The branded formulations business recorded revenues of Rs 116 crores in Q2 FY15. The vertical grew ahead of the industry reporting a robust growth of 17 per cent YoY. The growth this quarter was driven by oncotherapeutics, metabolics and nephrology divisions. The vertical continues with the strategy to drive synergies and profitable growth around key anchor brands and optimisation of product portfolios.

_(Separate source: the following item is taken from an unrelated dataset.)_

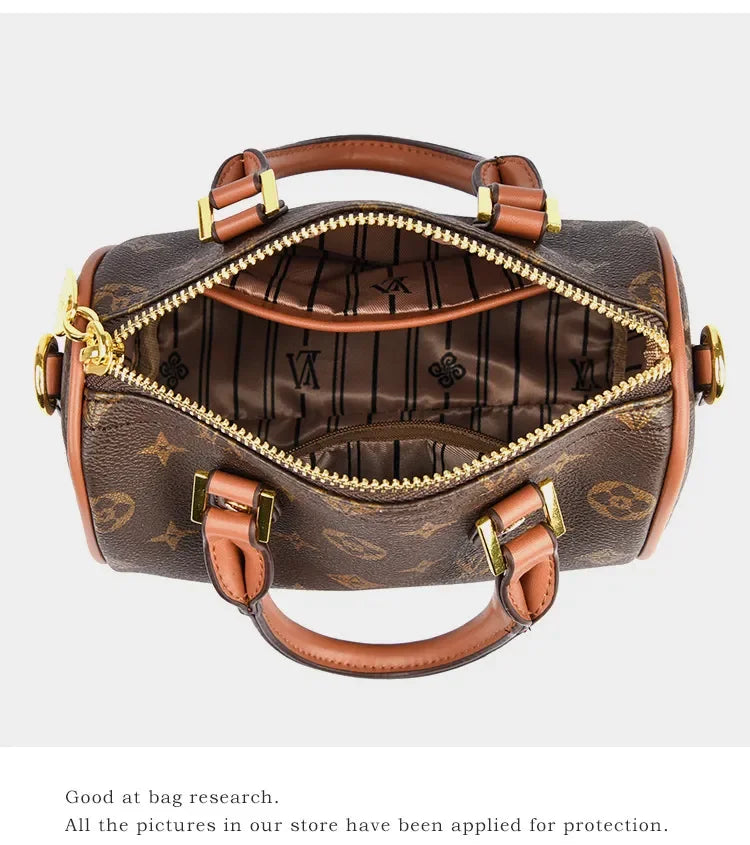 Luxury OULAIMEIZI 2026 New Fashion Retro Classic Letter Printed Designer Boston Bag Temperament Trendy Shoulder Bags for Women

The research services segment recorded revenues of Rs 192 crores.

Kiran Mazumdar-Shaw, Chairman and Managing Director, stated, “The growth of our core biopharma business this quarter has been muted largely due to capacity constraints and geo-political challenges in the Middle East. However, clinical progress in our key global programs for generic Insulin Glargine and Trastuzumab is indicative of the value accretion that is realizable in the foreseeable future. The strategic investment by Silver Leaf Oak in Syngene validates the strength of our research services business and sets a good valuation benchmark. Whilst we continue to invest in R&D and capacity building for our insulins and antibodies portfolio, we expect branded formulations and research services businesses to drive growth in the interim.”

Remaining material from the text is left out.